All work in this course will be evaluated for your ability to meet the following writing objectives as well as for mathematical content.

1. Every solution must be written in such a way that the question that was asked is clear simply by reading the submitted solution.
2. Any table or graph that appears in the original problem must also appear somewhere in your solution.
3. All graphs that appear in your solution must contain axis names and scales. All graphs must be accompanied by a figure number and caption. When the graph is referenced in your written work, the reference must be by figure number. Additionally, graphs for applied problems must have units on each axis and the explicit meaning of each axis must be self-apparent either by the axis names or by the figure caption.
4. All tables that appear in your solution must have well defined column headings as well as an assigned table number accompanied by a brief caption (description).
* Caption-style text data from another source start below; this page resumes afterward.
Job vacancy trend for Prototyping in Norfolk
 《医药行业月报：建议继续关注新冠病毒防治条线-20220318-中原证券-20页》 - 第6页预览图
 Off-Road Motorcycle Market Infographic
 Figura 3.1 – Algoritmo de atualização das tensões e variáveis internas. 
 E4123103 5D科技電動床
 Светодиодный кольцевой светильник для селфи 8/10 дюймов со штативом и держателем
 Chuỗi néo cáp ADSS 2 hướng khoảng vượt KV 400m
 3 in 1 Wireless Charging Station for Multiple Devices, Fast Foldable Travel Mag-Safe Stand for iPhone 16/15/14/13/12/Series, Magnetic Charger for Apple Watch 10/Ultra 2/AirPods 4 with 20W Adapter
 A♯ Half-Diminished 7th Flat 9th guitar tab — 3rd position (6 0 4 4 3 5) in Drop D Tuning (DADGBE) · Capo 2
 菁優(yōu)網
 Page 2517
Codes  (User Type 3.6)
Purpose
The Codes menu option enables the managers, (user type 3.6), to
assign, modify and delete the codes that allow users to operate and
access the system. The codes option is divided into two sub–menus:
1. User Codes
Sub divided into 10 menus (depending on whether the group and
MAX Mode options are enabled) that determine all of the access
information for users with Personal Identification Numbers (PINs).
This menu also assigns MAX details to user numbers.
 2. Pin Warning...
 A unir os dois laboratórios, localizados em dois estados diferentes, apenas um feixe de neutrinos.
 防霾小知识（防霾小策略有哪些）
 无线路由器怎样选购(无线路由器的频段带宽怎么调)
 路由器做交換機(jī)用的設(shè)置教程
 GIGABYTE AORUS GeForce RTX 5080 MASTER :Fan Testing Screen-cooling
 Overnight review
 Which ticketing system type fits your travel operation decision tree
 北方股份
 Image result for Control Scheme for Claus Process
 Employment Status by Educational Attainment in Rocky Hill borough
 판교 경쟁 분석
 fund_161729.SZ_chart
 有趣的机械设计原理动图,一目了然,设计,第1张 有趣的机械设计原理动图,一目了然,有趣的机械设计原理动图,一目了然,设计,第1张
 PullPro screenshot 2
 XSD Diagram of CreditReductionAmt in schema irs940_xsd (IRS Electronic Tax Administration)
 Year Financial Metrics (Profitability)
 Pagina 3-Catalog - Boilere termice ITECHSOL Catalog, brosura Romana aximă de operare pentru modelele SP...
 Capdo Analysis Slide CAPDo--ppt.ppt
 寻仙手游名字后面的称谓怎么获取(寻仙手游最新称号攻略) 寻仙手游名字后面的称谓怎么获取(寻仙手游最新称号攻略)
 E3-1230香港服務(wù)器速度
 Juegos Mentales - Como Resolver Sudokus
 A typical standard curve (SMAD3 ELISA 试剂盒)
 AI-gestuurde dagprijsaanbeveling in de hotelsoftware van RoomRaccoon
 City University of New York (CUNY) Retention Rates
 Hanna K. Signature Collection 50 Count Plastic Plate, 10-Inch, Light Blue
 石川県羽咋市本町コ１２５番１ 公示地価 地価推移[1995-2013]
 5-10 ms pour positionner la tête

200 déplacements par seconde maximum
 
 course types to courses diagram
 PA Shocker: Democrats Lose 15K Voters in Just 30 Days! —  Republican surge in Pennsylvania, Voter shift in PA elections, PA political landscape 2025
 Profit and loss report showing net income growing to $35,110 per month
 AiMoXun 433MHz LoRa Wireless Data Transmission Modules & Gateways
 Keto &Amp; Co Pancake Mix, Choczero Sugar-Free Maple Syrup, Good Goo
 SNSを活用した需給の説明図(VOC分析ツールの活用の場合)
When the table is referenced in your written work, the reference must be by table number.
5. A brief introduction to the problem is almost always appropriate.
6. In applied problems, all variables and constants must be defined.
7. If you used the graph or table feature of your calculator in the problem solving process, you must include the graph or table in your written solution.
8. If you used some other non-trivial feature of your calculator (e.g., SOLVER), you must state this in your solution.
9. All (relevant) information given in the problem must be stated somewhere in your solution.
10. A sentence that orients the reader to the purpose of the mathematics should usually precede symbol pushing.
11. Your conclusion shall not be encased in a box, but rather stated at the end of your solution in complete sentence form.
12. Remember to line up your equal signs.
13. If work is word-processed all mathematical symbols must be generated with a math equation editor.

Emphasis should be placed on using technology such as Desmos and GeoGebra appropriately; such as when computing approximations, graphing curves, or visualizing or checking answers.  Technology should not be used as a substitute for meeting the outcomes and skills for the course that are expected to be done by hand.